Mmm Mmm... Got ten pounds of jerky baking in the oven and that smell is driving me crazy. Took the rear quarters of a nice fat doe I shot last week and sliced it all into thin strips with my Mr. Twister electric fillet knife. Then I threw it all in a giant pot and mixed it all up with some highlands mesquite jerky mix and tossed it in the fridge... fast forward 24 hours and I skewered them all onto shiscabob sticks and hung them on my oven racks, set it at 200 degrees F and pulled the lock out and closed the door on it so it is left open a crack. Few more minutes and I will be tasting this years batch.

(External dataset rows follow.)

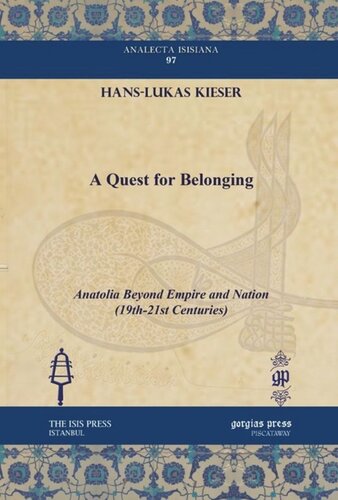 A Quest for Belonging: Anatolia Beyond Empire and Nation (19th-21st Centuries)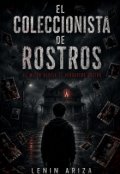 Portada del libro "El Coleccionista de Rostros"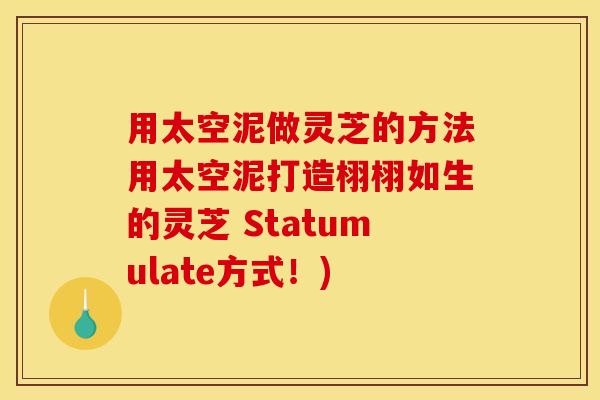 用太空泥做灵芝的方法用太空泥打造栩栩如生的灵芝 Statumulate方式！)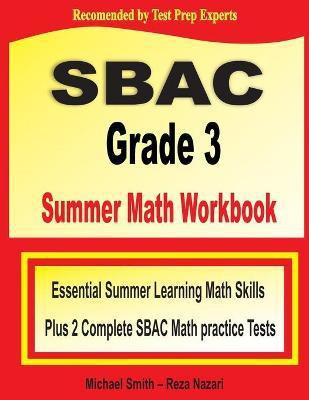 SBAC Grade 3 Summer Math Workbook(English, Paperback, Smith Michael)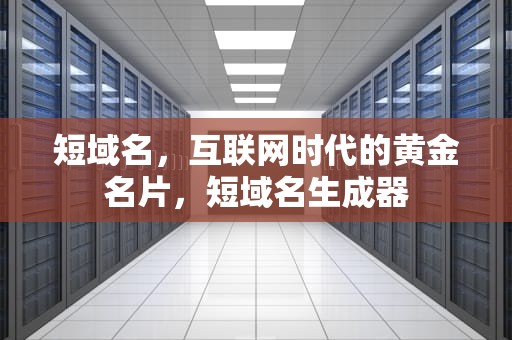 短域名，互联网时代的黄金名片，短域名生成器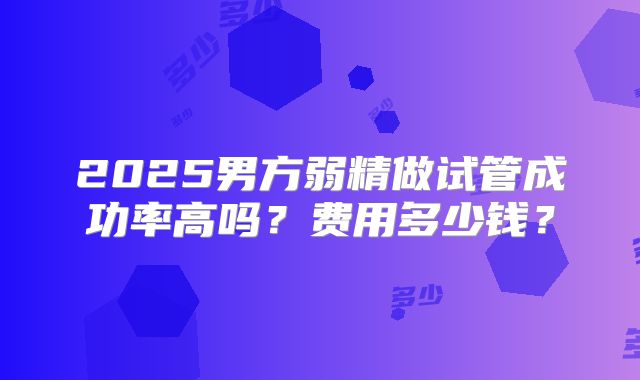 2025男方弱精做试管成功率高吗？费用多少钱？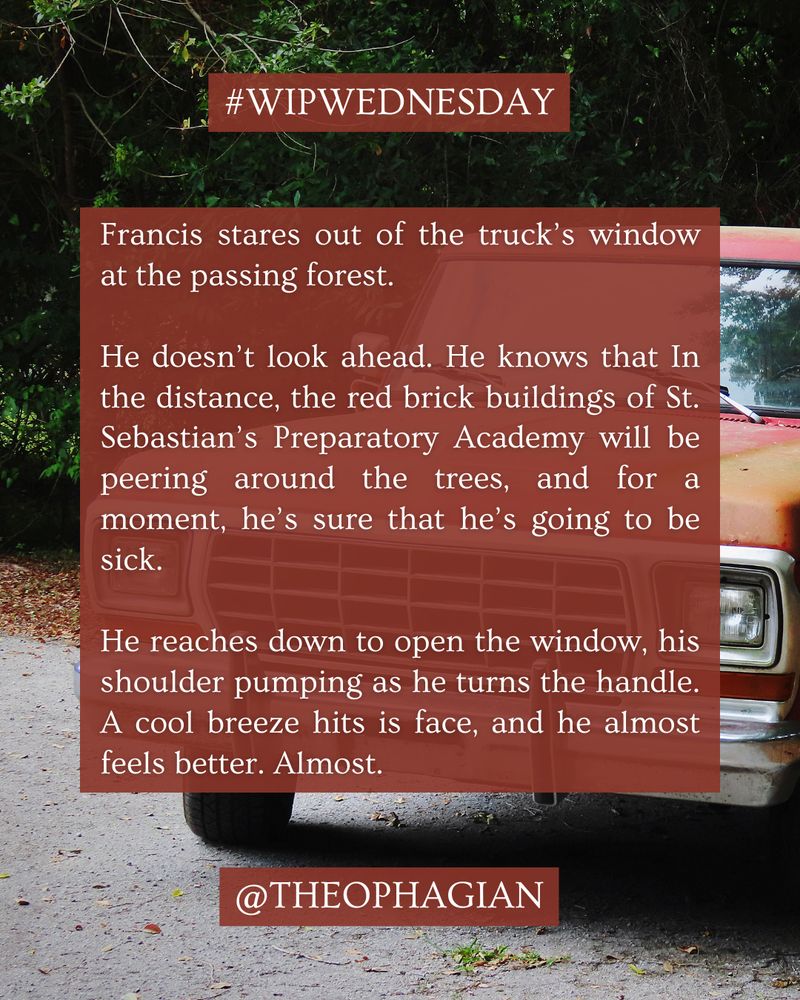 A photograph of a vintage red pickup truck in front of pine trees. White text is overlaid on top of a red-orange semi-transparent box. The text reads:

#WIPWEDNESDAY

Francis stares out of the truck’s window at the passing forest.

He doesn’t look ahead. He knows that In the distance, the red brick buildings of St. Sebastian’s Preparatory Academy will be peering around the trees, and for a moment, he’s sure that he’s going to be sick.

He reaches down to open the window, his shoulder pumping as he turns the handle. A cool breeze hits is face, and he almost feels better. Almost.

@THEOPHAGIAN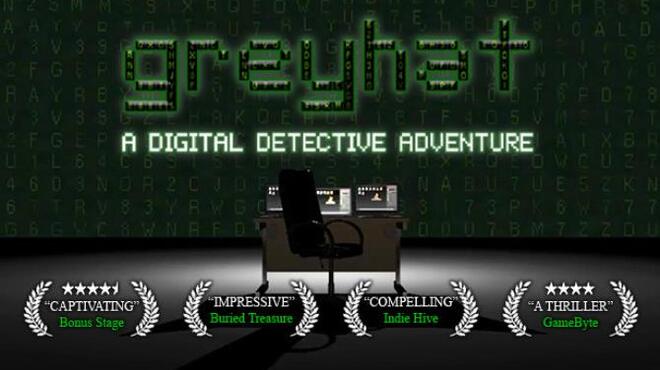 Greyhat – A Digital Detective Adventure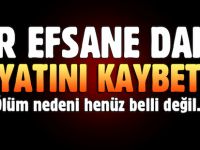 Bir efsane Daha Hayatını Kaybetti..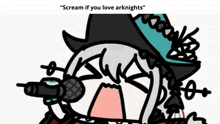 a cartoon of a girl singing into a microphone with the words " scream if you love arknights " below her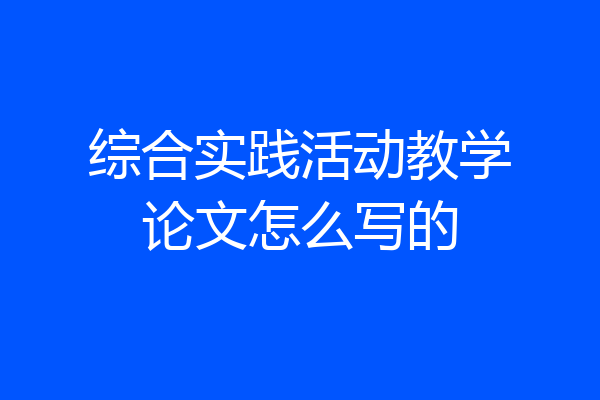 综合实践活动教学论文怎么写的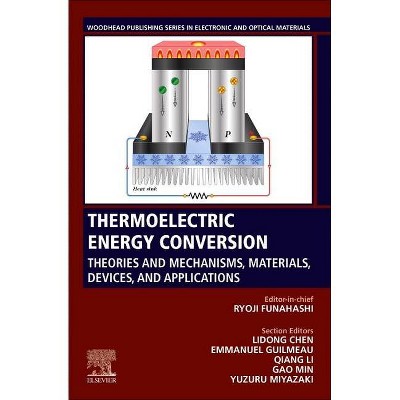 Thermoelectric Energy Conversion - (Woodhead Publishing Electronic and Optical Materials) by  Ryoji Funahashi (Paperback)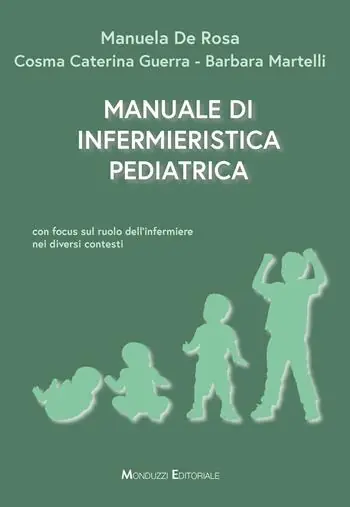 Prezzo Basso Manuale di infermieristica pediatrica. Con focus sul ruolo dell‘infermiere nei diversi contesti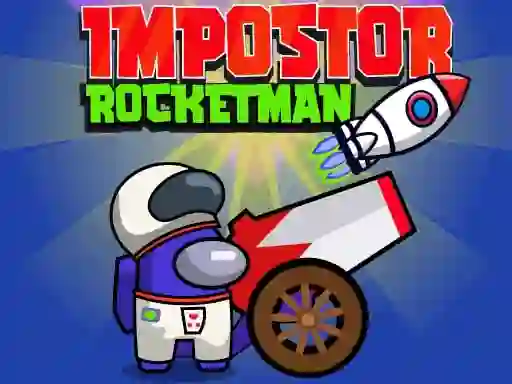 Žaidimas Impostor Rocketman internete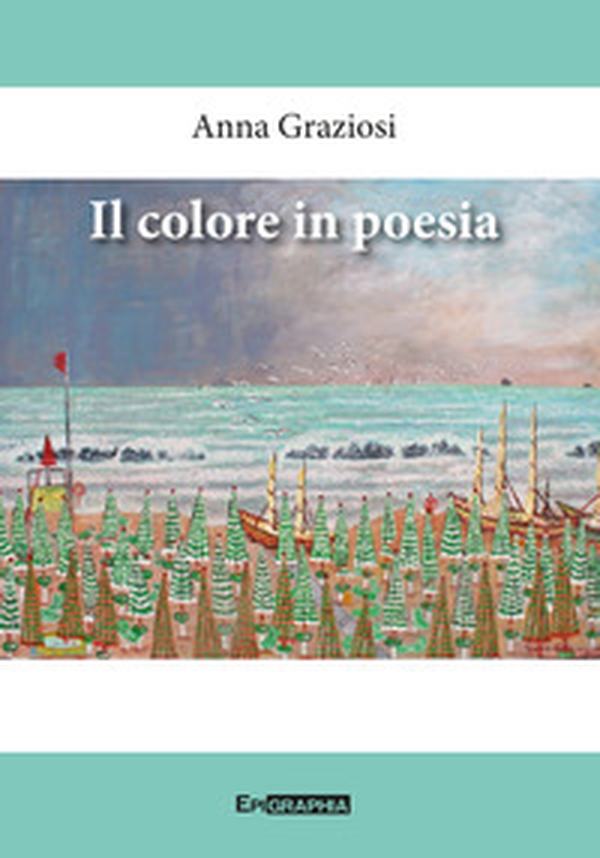 Il colore in poesia - Librerie.coop Il colore in poesia - Librerie.coop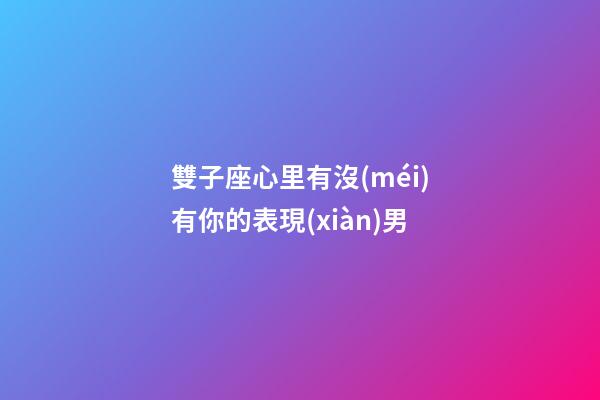 雙子座心里有沒(méi)有你的表現(xiàn)男-第1張-星座運(yùn)勢(shì)-玄機(jī)派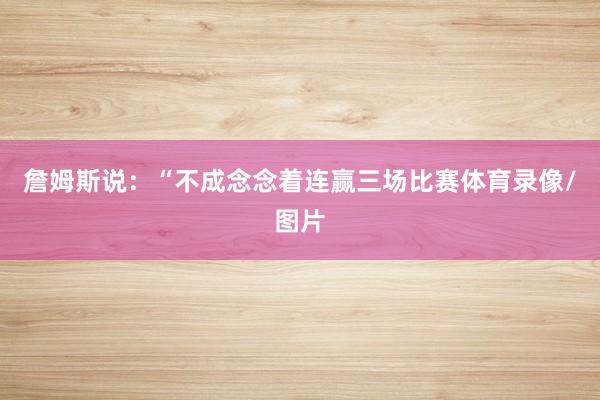 詹姆斯说：“不成念念着连赢三场比赛体育录像/图片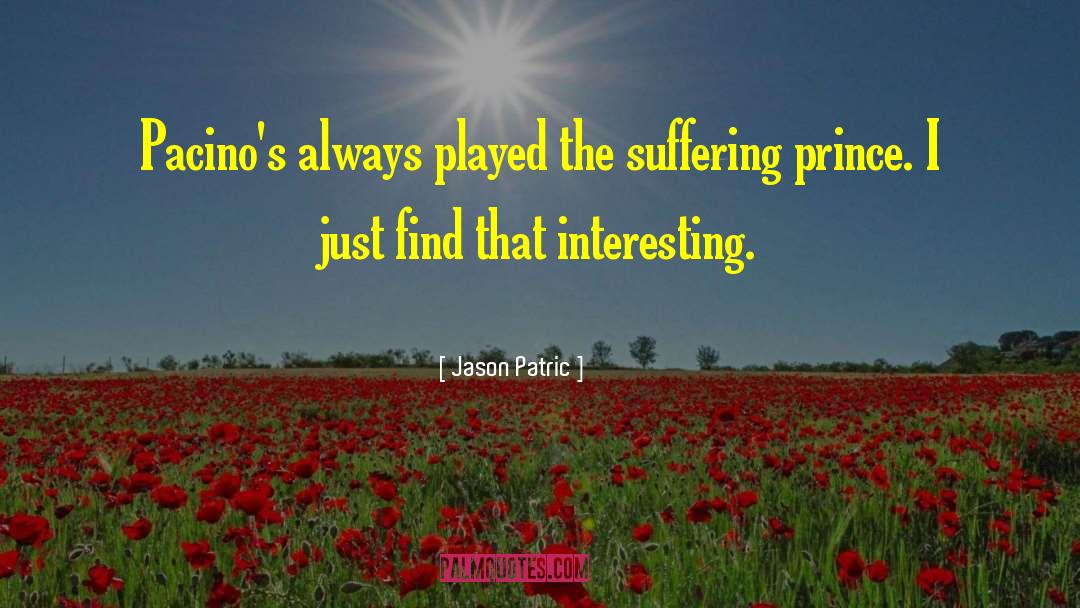 Jason Patric Quotes: Pacino's always played the suffering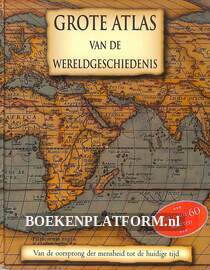 Grote atlas van de wereldgeschiedenis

WOOHOO!
_Posted via Mobile Device_


----------



## Fabner1 (Jan 24, 2009)

Sounds good to me!


----------



## Gill'in time (Apr 20, 2012)

Sounds better then the vanilla candle I just lit &#128518;


----------



## tmilldrummer (Feb 7, 2012)

They should make jerky candles... My buddy called me the other night and said his pregnant wife was craving my jerky and that the store bought stuff just doesn't cut it anymore.


----------



## Fabner1 (Jan 24, 2009)

tmilldrummer said:


> They should make jerky candles... My buddy called me the other night and said his pregnant wife was *craving my jerky and that the store bought stuff just doesn't cut it anymore*.



Drummer,

You must be doin' somethin' right!

Old'un


----------